Peregrine Trial – Week 16

Comments by Bob Grimes

July 23, 2007

Today the jury deliberated from 8:30 a.m. to 1:30 p.m. They sent Judge Whelan a note requesting further explanation of the numbering system of the exhibits. The volume of e-mails, contracts, and other documentary exhibits in this case is overwhelming, and the jury apparently is still trying to organize them. This request from the jury is not at all illuminating on the question of whether they may be inclined at this point in their deliberations to favor the Government, or some or all of the defendants. However, it is an indication that they are still hard at work.

Tomorrow they return to resume their deliberations at 8:30 a.m.

July 24, 2007

The jury of six men and six women continued to deliberate today, and will return tomorrow at 8:30 a.m. The Foreperson of the jury is Juror #11. She was seated in the front row, and was one of several jurors who took a lot of notes during the trial. Judge Whelan has sealed the list of the jurors’ names, to protect their privacy.

July 25, 2007

The jury deliberated today from 8:30 a.m. to 3:00 p.m. They asked that lunch be brought into the jury room, so that they can work through lunch. They had no notes and no questions today, and will return to continue their deliberations at 8:30 a.m. tomorrow.

July 26, 2007

Today the jury deliberated from 8:30 a.m. to 3:00 p.m., and once again they worked through the lunch hour. This was their tenth day of deliberation. There have been no communications from the jury upon which any inferences could be drawn about which way they are leaning, or if there is a significant disagreement among them. Tomorrow will be the conclusion of over two full weeks of deliberations, and it is also a Friday. On Fridays, trial lawyers worry that there may be a tendency to compromise, to reach a verdict and get the case over with. The lawyers do not want compromise. The lawyers want each of the jurors to reason with and listen to the others, but then render their own individual judgment as to each count for each defendant. This is what Judge Whelan instructed the jury to do, and throughout the three months of testimony in this case they have given every appearance of being a conscientious group of citizens.

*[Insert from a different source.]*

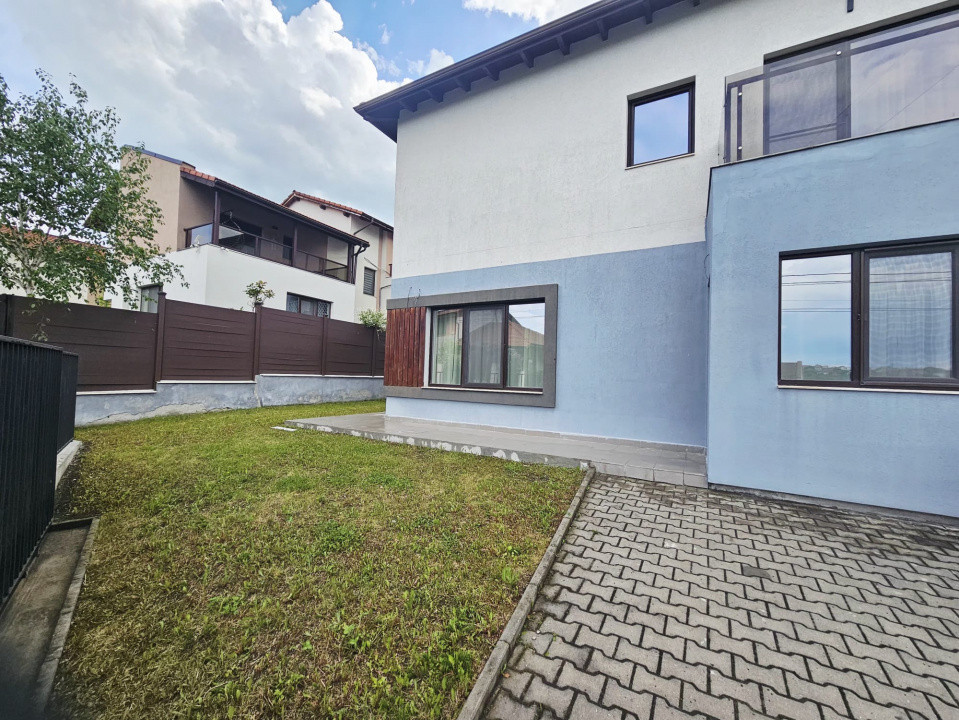 Casă modernă P+E+Pod, 145 mp,– Cluj,str Campului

Tomorrow the jury will resume deliberations at 8:30 a.m.

July 27, 2007

As this day of deliberations was winding to an end, the jury sent a note to Judge Whelan that they were unable to come to a unanimous decision on any of the four defendants, Joe Reichner, Gary Lenz, Patrick Towle, and Dan Stulac.

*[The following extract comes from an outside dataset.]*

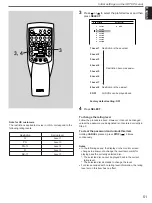 Предварительный просмотр 55 страницы Yamaha DVD-C900 Owner'S Manual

Judge Whelan called the jury into the courtroom, and asked if any of them thought that it would be productive for them to have any additional instructions of law or for them to engage in any further deliberations. No juror thought that any further deliberation would change the deadlock. Judge Whelan told them that it would be very hard to adequately express his gratitude, not just on behalf of the court and the parties but all of the citizens of this District. Judge Whelan remarked that he could tell how conscientious they had been during the three months of testimony and over two weeks of deliberations. A status date was scheduled for Monday, August 27, 2007, at 9:00 a.m.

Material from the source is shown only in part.